THE KNIGHT AND THE FRIAR: PART 2, by                    
First Line: Reader! If you have genius, you'll discover
Last Line: Prithee, as parsons, suffer 'em to save me!


READER! if you have Genius, you'll discover,
Do what you will to keep it cool,
It, now and then, in spite of you, boils over,
Upon a fool.

Haven't you (lucky man if not) been vex'd,
Worn, fretted, and perplex'd,
By a pert, busy, would-be-clever knave,
A forward, empty, self-sufficient slave?

And haven't you, all christian patience gone,
At last, put down the puppy, with your wit;—
On whom it seem'd, tho' you had Mines of it,
Extravagance to spend a jest upon?—

And haven't you, (I'm sure you have, my friend!)
And when you have laid the puppy low,—
All little pique, and malice, at an end,
Been sorry for the blow?—
And said, (if witty, so would say your Bard)
"Damn it! I hit that meddling fool too hard?"

Thus did the brave Sir Thomas say;—
Whose Genius didn't much disturb his pate:
It rather, in his bones, and muscles, lay,—
Like many other men's of good estate:

Thus did Sir Thomas say;—and well he might,
When pity to resentment did succeed;
For, certainly, (tho' not with wit) the Knight
Had hit the Friar very hard, indeed!
And heads, nineteen in twenty, 'tis confest,
Can feel a crab-stick sooner than a jest.

There was, in the Knight's family, a man
Cast in the roughest mould Dame Nature boasts;
With shoulders wider than a dripping-pan,
And legs as thick, about the calves, as posts.

All the domesticks, viewing, in this hulk,
So large a specimen of Nature's whims,
With kitchen wit, allusive to his bulk,
Had christen'd him the Duke of Limbs.

Thro'out the Castle, every whipper-snapper
Was canvassing the merits of this strapper:
Most of the Men voted his size alarming;
But all the Maids, nem. con. declar'd it charming!

This wight possess'd a quality most rare;—
I tremble when I mention it, I swear!
Lest pretty Ladies question my veracity:
'Twas—when he had a secret in his care,
To keep it, with the greatest pertinacity.

Pour but a secret in him, and 'twould glue him
Like rosin, on a well-cork'd bottle's snout;
Had twenty devils come with cork-screws to him,
They never could have screw'd the secret out.

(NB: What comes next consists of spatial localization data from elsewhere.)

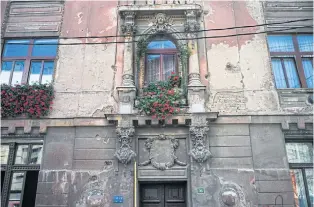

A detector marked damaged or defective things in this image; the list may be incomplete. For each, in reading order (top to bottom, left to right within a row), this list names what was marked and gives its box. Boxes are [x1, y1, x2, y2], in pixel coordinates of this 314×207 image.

peeling plaster wall [50, 0, 120, 118]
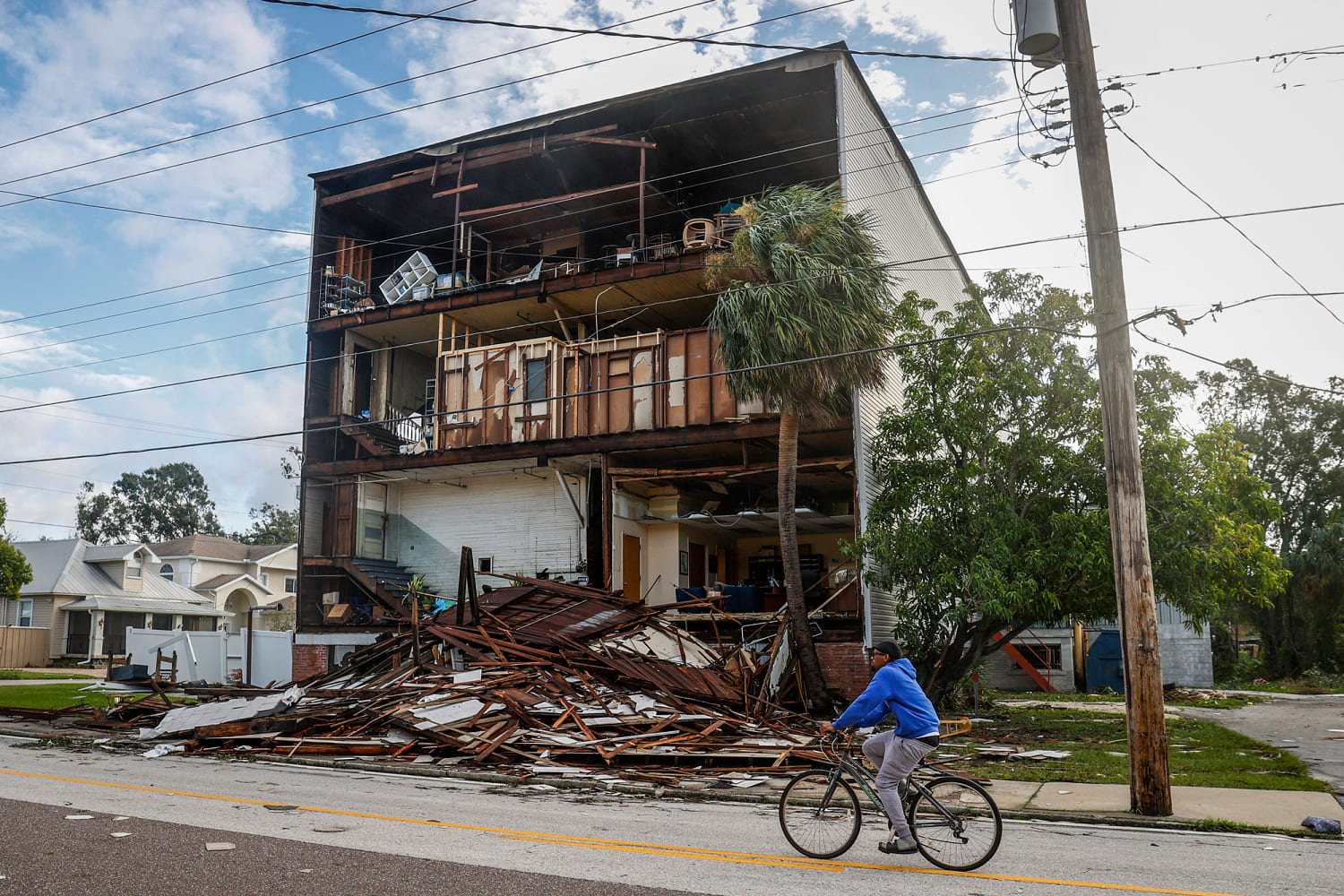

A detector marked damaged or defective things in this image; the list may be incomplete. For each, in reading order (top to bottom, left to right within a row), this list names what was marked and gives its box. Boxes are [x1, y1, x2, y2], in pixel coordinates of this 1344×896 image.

pile of splintered wood [144, 577, 817, 773]
damaged three-story building [294, 43, 973, 693]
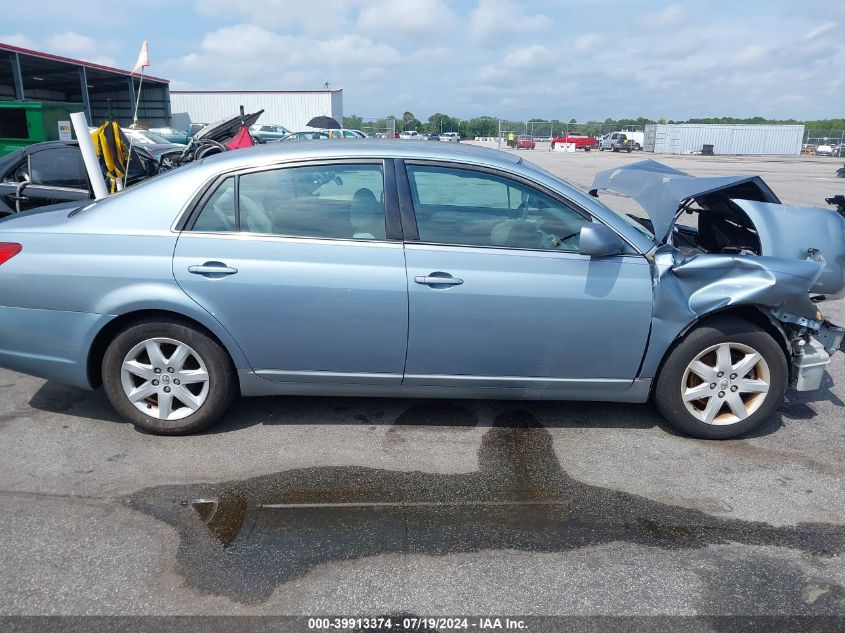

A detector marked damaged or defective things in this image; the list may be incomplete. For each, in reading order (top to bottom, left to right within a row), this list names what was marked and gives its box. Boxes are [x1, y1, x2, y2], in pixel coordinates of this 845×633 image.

crumpled hood [588, 159, 780, 241]
front-end collision damage [640, 247, 836, 390]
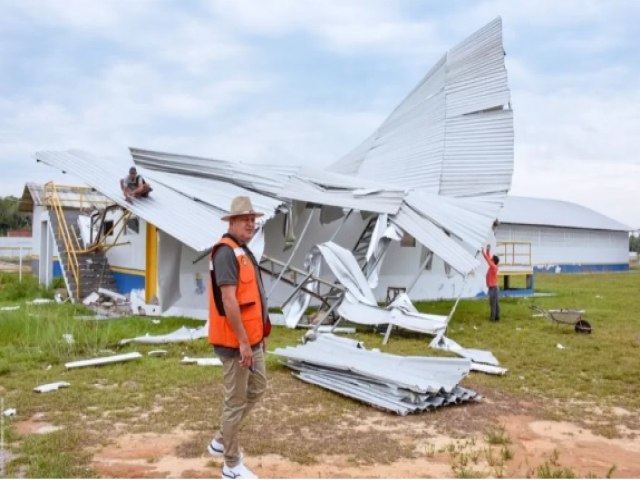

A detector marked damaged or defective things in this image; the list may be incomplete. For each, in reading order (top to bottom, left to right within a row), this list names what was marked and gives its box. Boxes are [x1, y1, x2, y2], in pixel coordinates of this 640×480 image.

broken metal sheet on ground [119, 324, 208, 344]
broken metal sheet on ground [63, 350, 141, 370]
broken metal sheet on ground [274, 334, 480, 416]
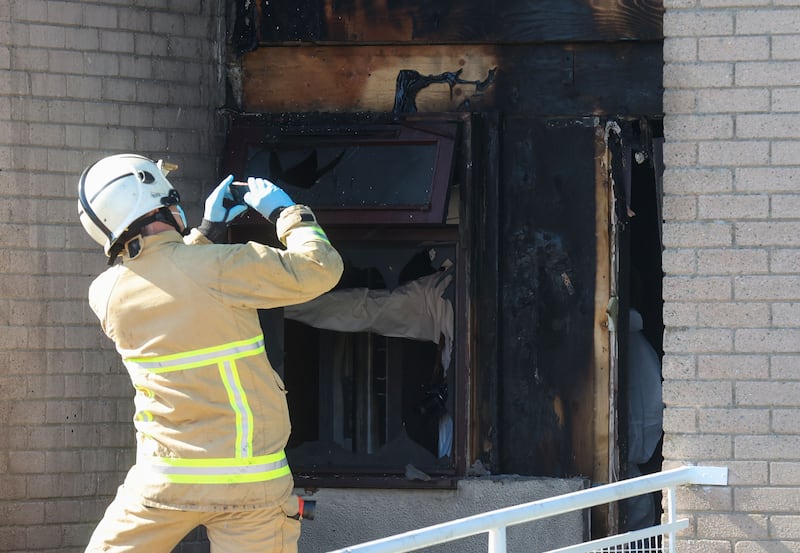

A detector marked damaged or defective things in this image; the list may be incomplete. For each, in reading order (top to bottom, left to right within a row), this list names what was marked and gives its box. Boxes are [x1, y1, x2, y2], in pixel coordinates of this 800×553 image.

fire-damaged window [222, 114, 472, 486]
charred window frame [223, 113, 476, 488]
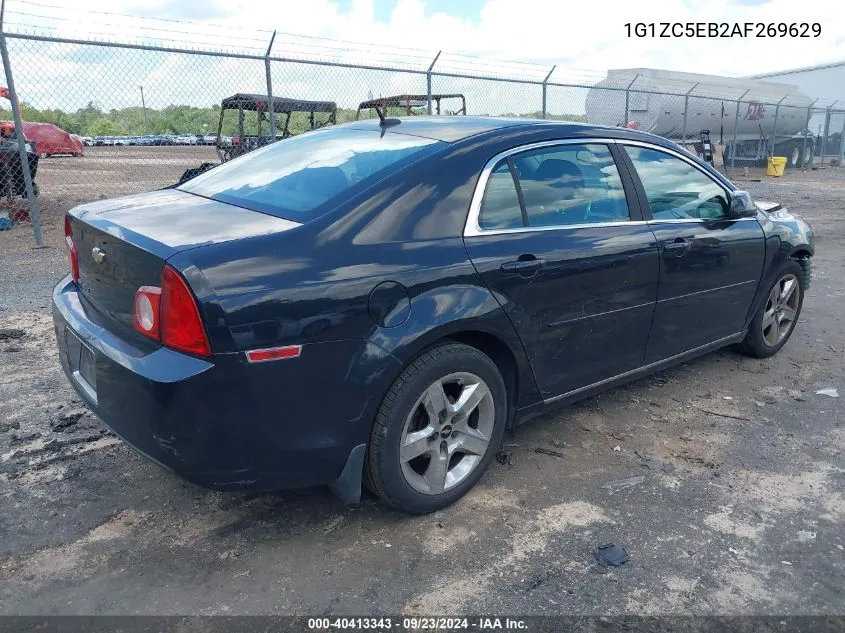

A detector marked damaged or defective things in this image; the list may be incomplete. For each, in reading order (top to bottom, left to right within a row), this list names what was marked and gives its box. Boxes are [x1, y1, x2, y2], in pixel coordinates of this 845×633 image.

damaged vehicle [51, 117, 812, 512]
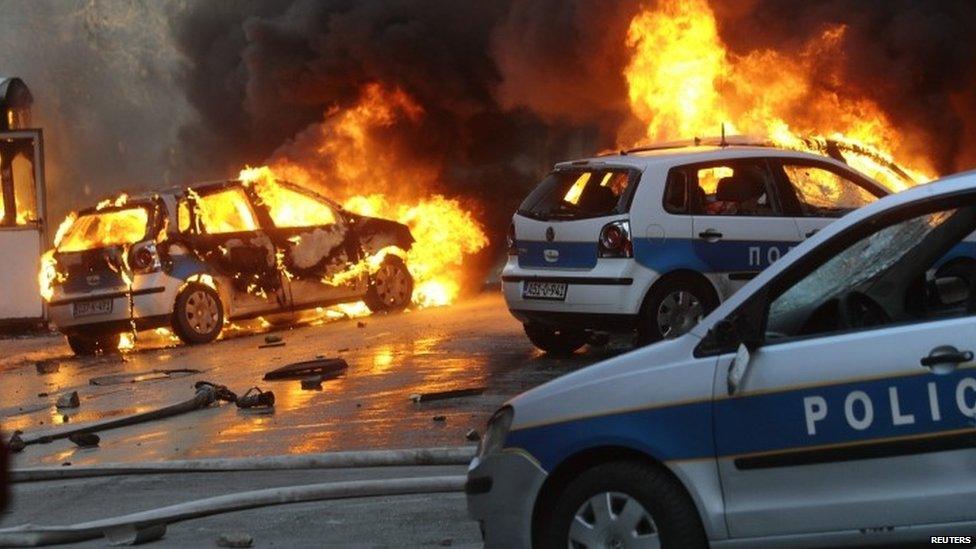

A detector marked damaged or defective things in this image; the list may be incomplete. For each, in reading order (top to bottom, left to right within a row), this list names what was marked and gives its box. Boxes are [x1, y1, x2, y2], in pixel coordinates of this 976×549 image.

destroyed car [42, 178, 414, 354]
damaged vehicle [46, 178, 412, 354]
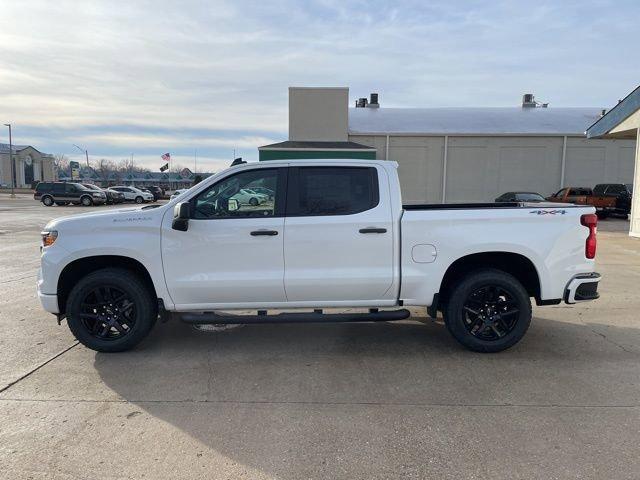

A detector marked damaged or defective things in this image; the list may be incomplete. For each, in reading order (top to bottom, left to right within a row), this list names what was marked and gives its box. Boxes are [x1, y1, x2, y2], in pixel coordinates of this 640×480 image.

pavement crack [0, 342, 79, 394]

Now, when Sir Thomas, in the dark, alone,
Had kill'd a Friar, weighing twenty stone,
Whose carcase must be hid, before the dawn,
Judging he might as hopelessly desire
To move a Convent as the Friar,
He thought on this man's secresy, and brawn;—
And, like a swallow, o'er the lawn he skims,
Up to the Cock-loft of the Duke of Limbs:

Where Somnus, son of Nox, the humble copy
Of his own daughter Mors had made assault
On the Duke's eye-lids,—not with juice of poppy,
But potent draughts, distill'd from hops, and malt.

Certainly, nothing operates much quicker
Against two persons' secret dialogues,
Than one of them being asleep, in liquor,
Snoring like twenty thousand hogs.

Yet circumstance did, pressingly, require
The Knight to tell his tale;
And to instruct his Man, knock'd down with ale,
That he (Sir Thomas) had knock'd down a Friar.

How wake a man, in such a case?
Sir, the best method—I have tried a score—
Is, when his nose is playing thoro' bass,
To pull it, till you make him roar.

A Sleeper's nose is made on the same plan
As the small wire 'twixt a Doll's wooden thighs;
For pull the nose, or wire, the Doll, or Man,
Will open, in a minute, both their eyes.

This mode Sir Thomas took,—and, in a trice,
Grasp'd, with his thumb and finger, like a vice,
That feature which the human face embosses,
And pull'd the Duke of Limbs by the proboscis.

The Man awoke, and goggled on his master;—
He saw his Master goggling upon him;—
Fresh from concluding on a Friar's nob,
What Coroners would call an awkward job,
He glar'd, all horror-struck and grim,—
Paler than Paris-plaister!

His hair stuck up, like bristles on a pig;—
So Garrick look'd, when he perform'd Macbeth;
Who, ere he enter'd, after Duncan's death,
Rumpled his wig.

The Knight cried, "Follow me!"———with strange grimaces;
The Man arose,—
And began "sacrificing to the Graces,"
By putting on his clothes;

But he reversed, in making himself smart,
A Scotchman's toilet, altogether:
And merely clapp'd a cover on that part
The Highlanders expose to wind and weather.

They reach'd the bower where the Friar lay;
When, to his Man,
The Knight began,
In doleful accents, thus to say:

"Here a fat Friar lyes, kill'd with a mawling,
"For coming, in the dark, a-catterwauling;
"Whom I (O cursed spite!) did lay so!"
Thus, solemnly, Sir Thomas spake, and sigh'd;—
To whom the Duke of Limbs replied—
"Odrabbit it! Sir Thomas! you don't say so!"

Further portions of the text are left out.